What is being asked:
Copy the listing below in full and skip every picture.

Records for the exercise:
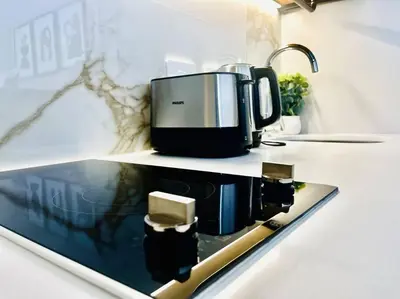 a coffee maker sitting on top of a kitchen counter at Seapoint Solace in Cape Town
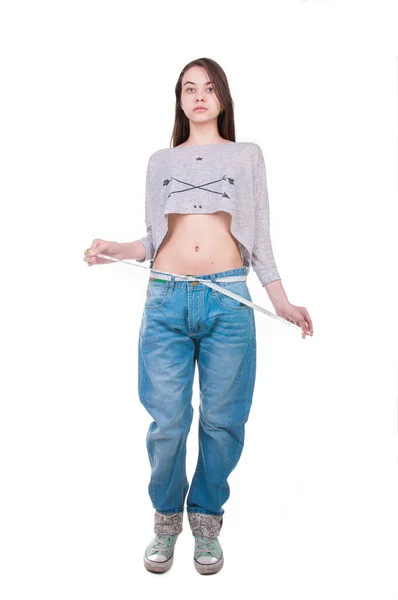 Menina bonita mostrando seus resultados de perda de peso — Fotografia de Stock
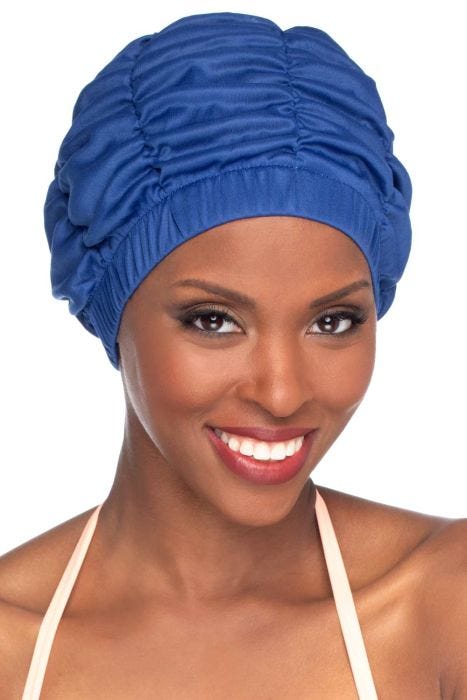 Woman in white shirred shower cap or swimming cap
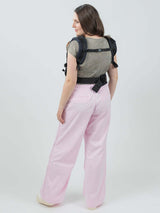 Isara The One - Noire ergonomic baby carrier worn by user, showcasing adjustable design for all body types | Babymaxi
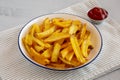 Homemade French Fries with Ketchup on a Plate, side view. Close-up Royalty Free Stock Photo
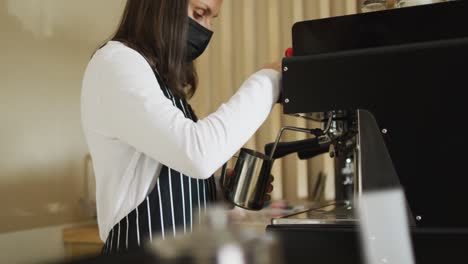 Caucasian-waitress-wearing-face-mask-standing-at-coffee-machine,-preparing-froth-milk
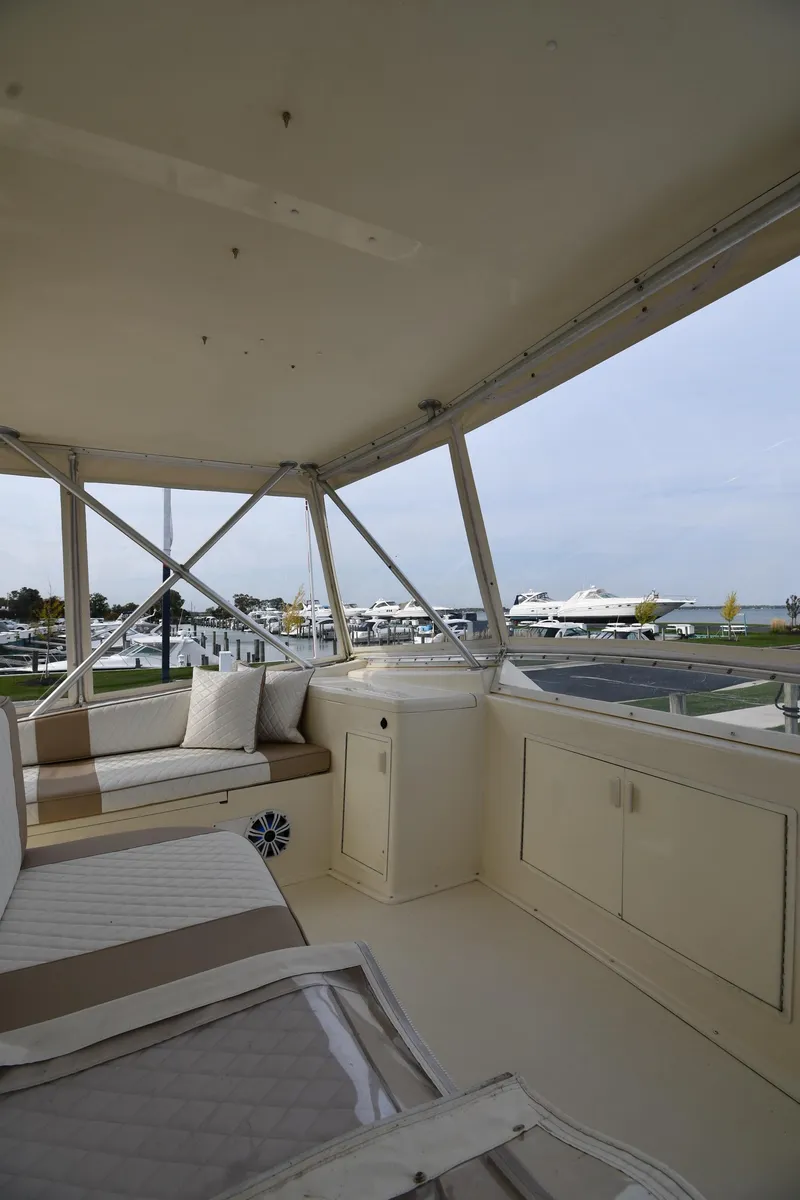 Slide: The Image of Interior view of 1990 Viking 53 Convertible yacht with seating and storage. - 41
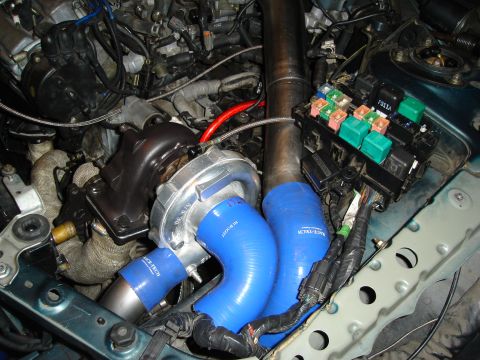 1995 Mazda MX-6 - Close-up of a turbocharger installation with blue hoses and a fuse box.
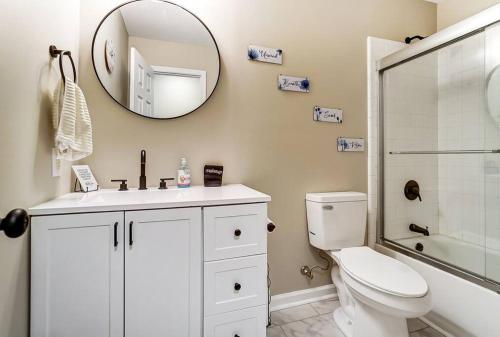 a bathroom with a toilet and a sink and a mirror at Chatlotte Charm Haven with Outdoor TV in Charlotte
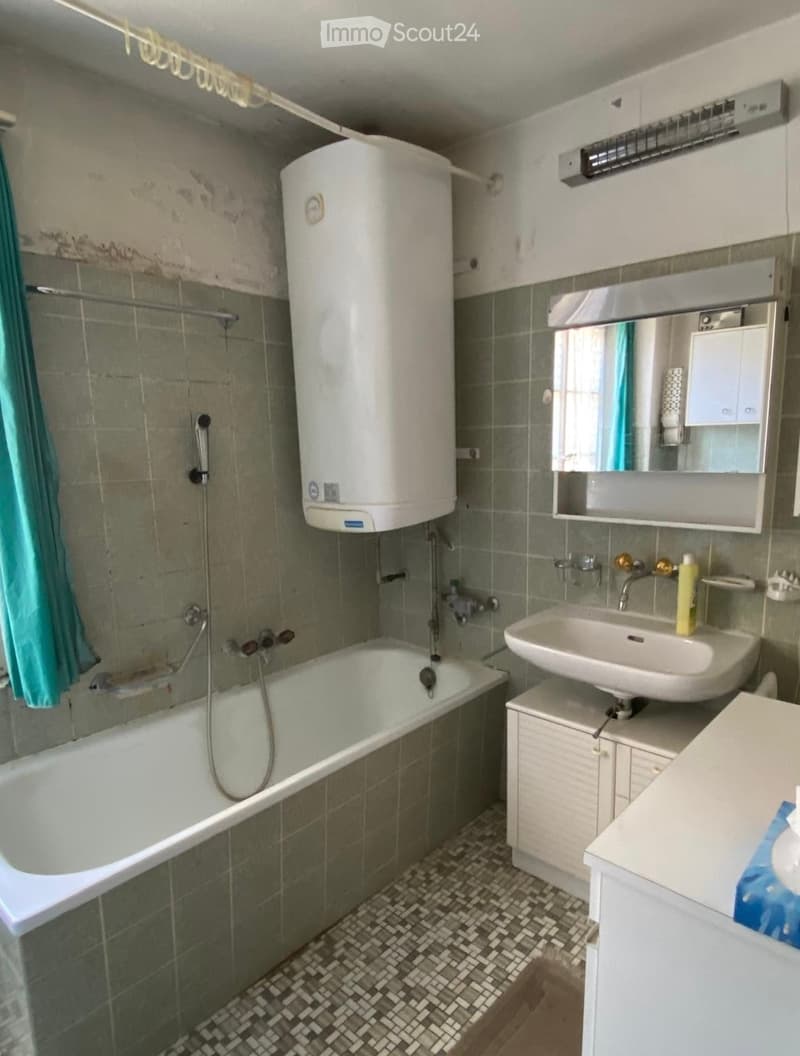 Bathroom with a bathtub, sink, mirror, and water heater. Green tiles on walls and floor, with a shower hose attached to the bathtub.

Task answer:
 a coffee maker sitting on top of a kitchen counter at Seapoint Solace in Cape Town
 Menina bonita mostrando seus resultados de perda de peso — Fotografia de Stock
 Woman in white shirred shower cap or swimming cap
 Isara The One - Noire ergonomic baby carrier worn by user, showcasing adjustable design for all body types | Babymaxi
 Homemade French Fries with Ketchup on a Plate, side view. Close-up Royalty Free Stock Photo
 Caucasian-waitress-wearing-face-mask-standing-at-coffee-machine,-preparing-froth-milk
 Slide: The Image of Interior view of 1990 Viking 53 Convertible yacht with seating and storage. - 41
 1995 Mazda MX-6 - Close-up of a turbocharger installation with blue hoses and a fuse box.
 a bathroom with a toilet and a sink and a mirror at Chatlotte Charm Haven with Outdoor TV in Charlotte
 Bathroom with a bathtub, sink, mirror, and water heater. Green tiles on walls and floor, with a shower hose attached to the bathtub.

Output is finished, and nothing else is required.